Several recent experiences have brought me to ponder a question this week. And in one of the several formulations in my mind it reads: Is it more effective to drive change of large systems from a position inside of the room or from a position outside of the room?

In one way of defining this, I am wondering if change happens with large institutions (the US government/polity, Universities, NIH extramural granting activities, you know, the usual targets) most rapidly and assuredly if it is driven by the barbarians at the gate or by the insiders.

To a first approximation this also means something about the tone and the approach to change. We are more likely to get inside the room if we align ourselves with the powers that be. We are more likely to get inside the room with an approach and a tone and a personality that is compatible with (read: similar to) the already-empowered folks.

I exist in what I think of as a duality that does a half-assed job of being inside the room and a half-assed job of being outside of the room. To a certain view, I’m a NIH extramural funding insider. I was trained in at least one stop around people who were very successful grant getting folks. I started my faculty position around folks that were not only good at getting grants but were themselves more than usually powerful. Leaders of societies, editors of journals, people that went on National Advisory Council of NIH ICs. People who were able to just phone up an IC director at will and have that person take their call. I have been awarded NIH grants as a PI on more than one occasion. I have served an appointed stint on study section and still get invited to review with enough regularity for me to maintain continual-submission privileges most of the time. My institutional affiliation commands respect in some quarters although of course that is down to all the other folks who do and have worked for it, not to me.

Particularly when it comes to NIH granting matters, I am often inside the room. Or, at least one of the anterooms. This gives me the opportunity to influence things. I have a direct role in review of proposals and in voting for scores of proposals. I can contribute to the discussion of grants, potentially affecting not just the outcome of that grant but the way other reviewers approach review*. My comments reach the ears of Program Officers, giving them (my words) the opportunity to effect change**.

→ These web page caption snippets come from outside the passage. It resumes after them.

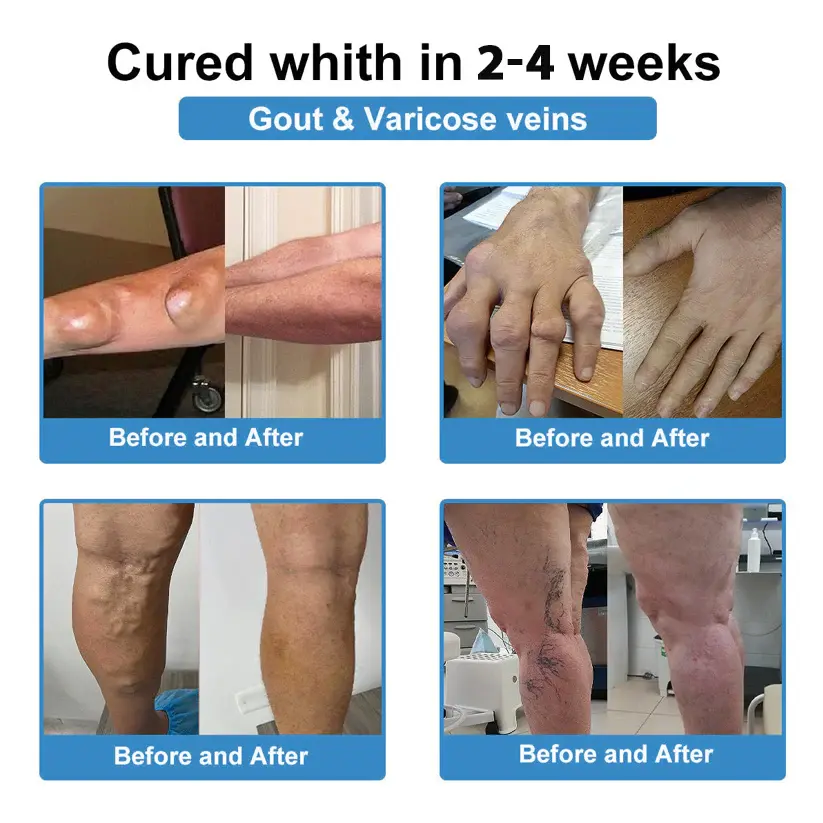 Nano-Microneedle Joint Patch - Image 6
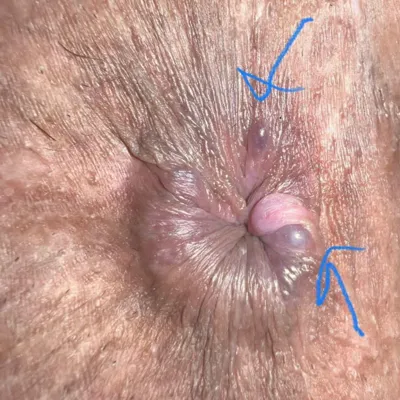 بیرون‌زدگی هموروئید خارجی همراه با تورم شدید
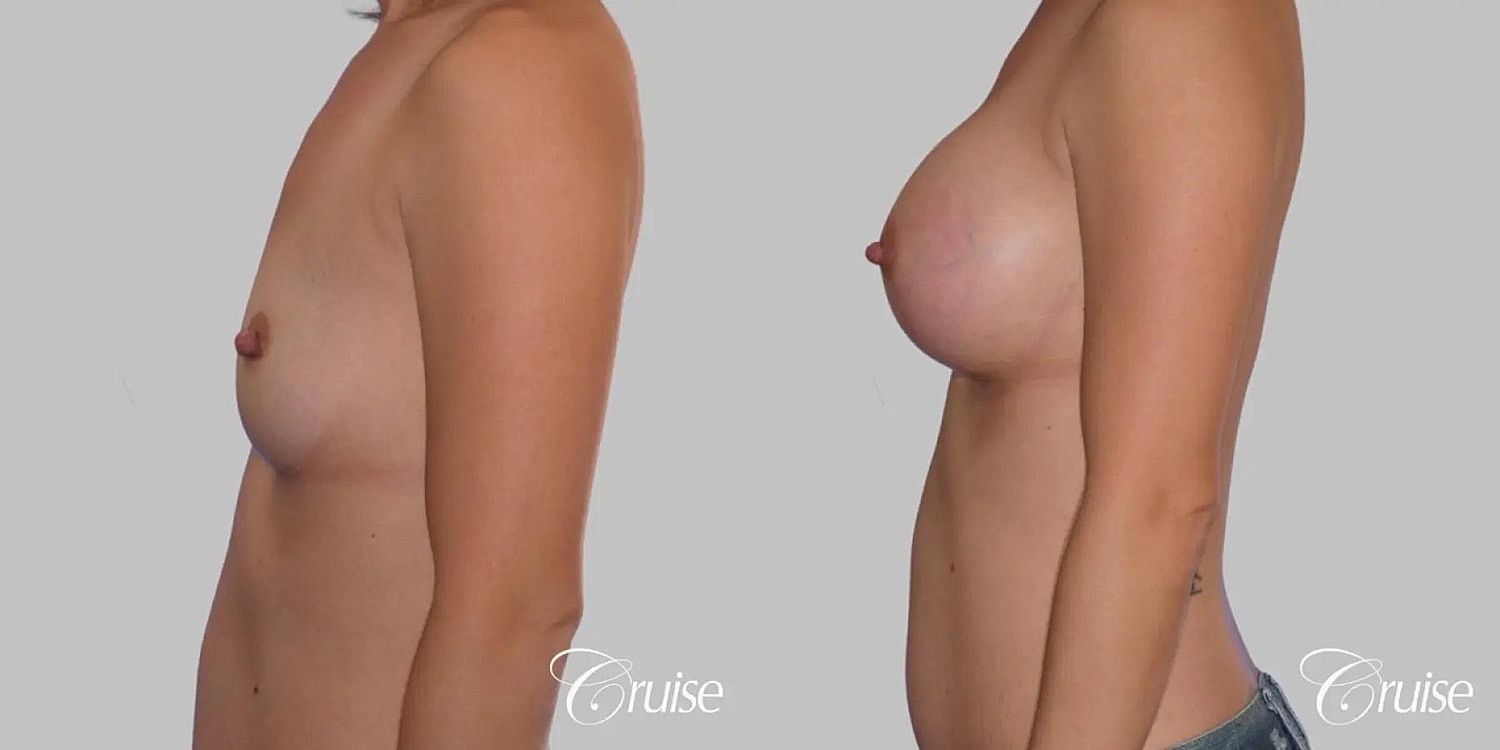 Breast Augmentation Before & After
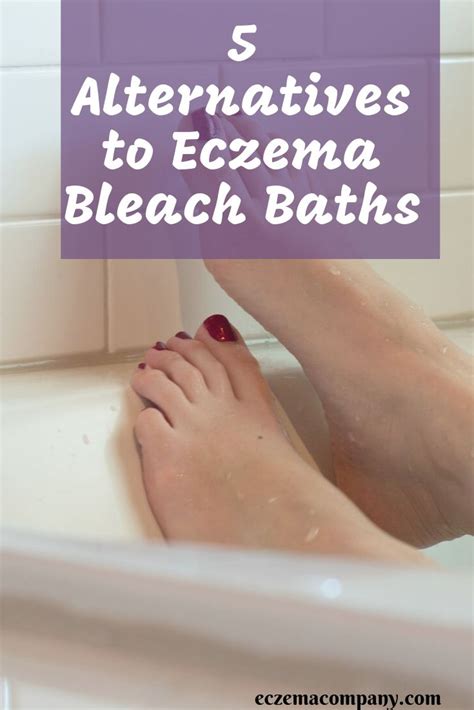 5 Alternatives to Eczema Bleach Baths | Bleach bath, Bleach bath for ...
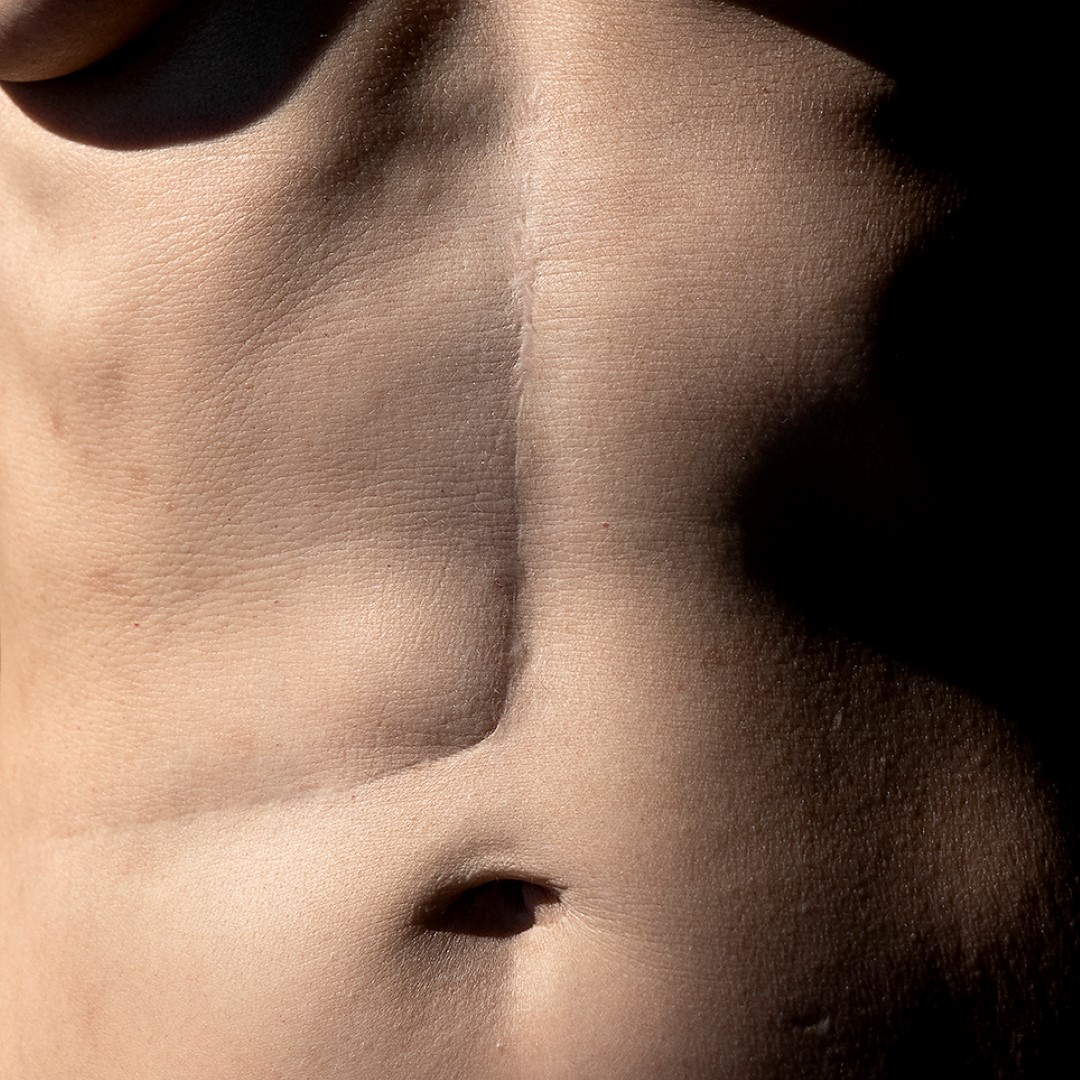 Pilar_Piedra_La cicatriz del guerrero_2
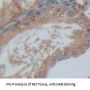 Spermidine/Spermine N1-Acetyltransferase 1 (SAT1) Antibody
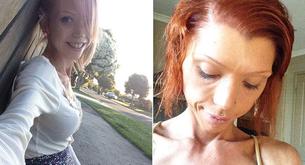 Su novio la obligó a volverse anoréxica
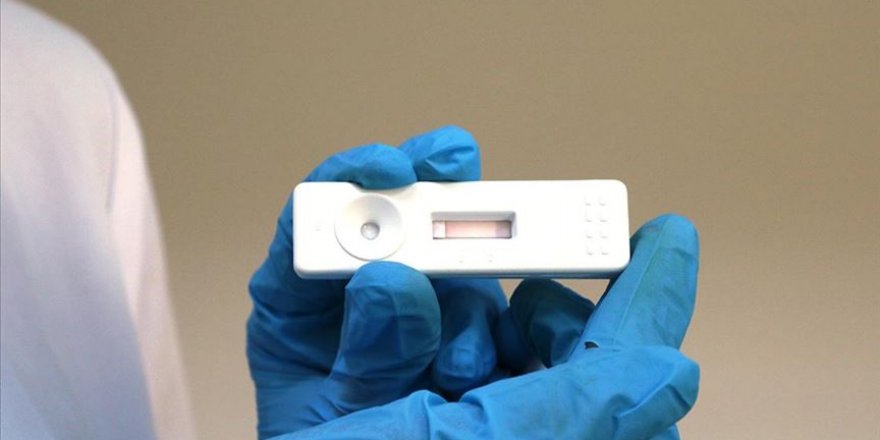 ÇOMÜ’de 8 dakikada koronavirüs tanısı koyan kit geliştirildi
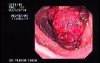 Familial Adenomatous Polyposis of the Colon (1 of 29)
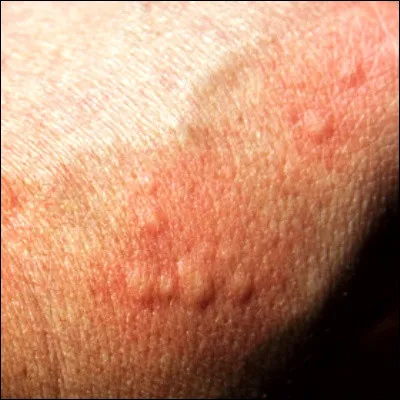 Quel insecte est jug&eacute; ind&eacute;sirable en raison de ses poils urticants ?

The reach of these opportunities is limited in scope. I only reach so many folks.

I also have the opportunity to rant from outside the room in several ways, most pointedly through this blog and the online academic community. As you know, I do so. But in addition, in real life, there are many scenarios in which I am not in the room. As you ascend the ranks of the NIH ICs to where the RealPower lies, I’m definitely an outsider. I have maybe one Director that would take my call but it is not the the most useful IC for me, under most circumstances. My work is not good enough to command attention all the way to the top. I am not empowered within academic societies or journals. My institution has never really liked me much.

Many of us exist in these diverse roles with respect to the insider/outsider status. It is on a spectrum and it is highly fluid. And, as we know from broader discussions of privilege, it is nigh on impossible for real humans in academia to see their own insider-ness for what it is. And, more specifically, for how it appears to everyone who is just outside that particular door of power.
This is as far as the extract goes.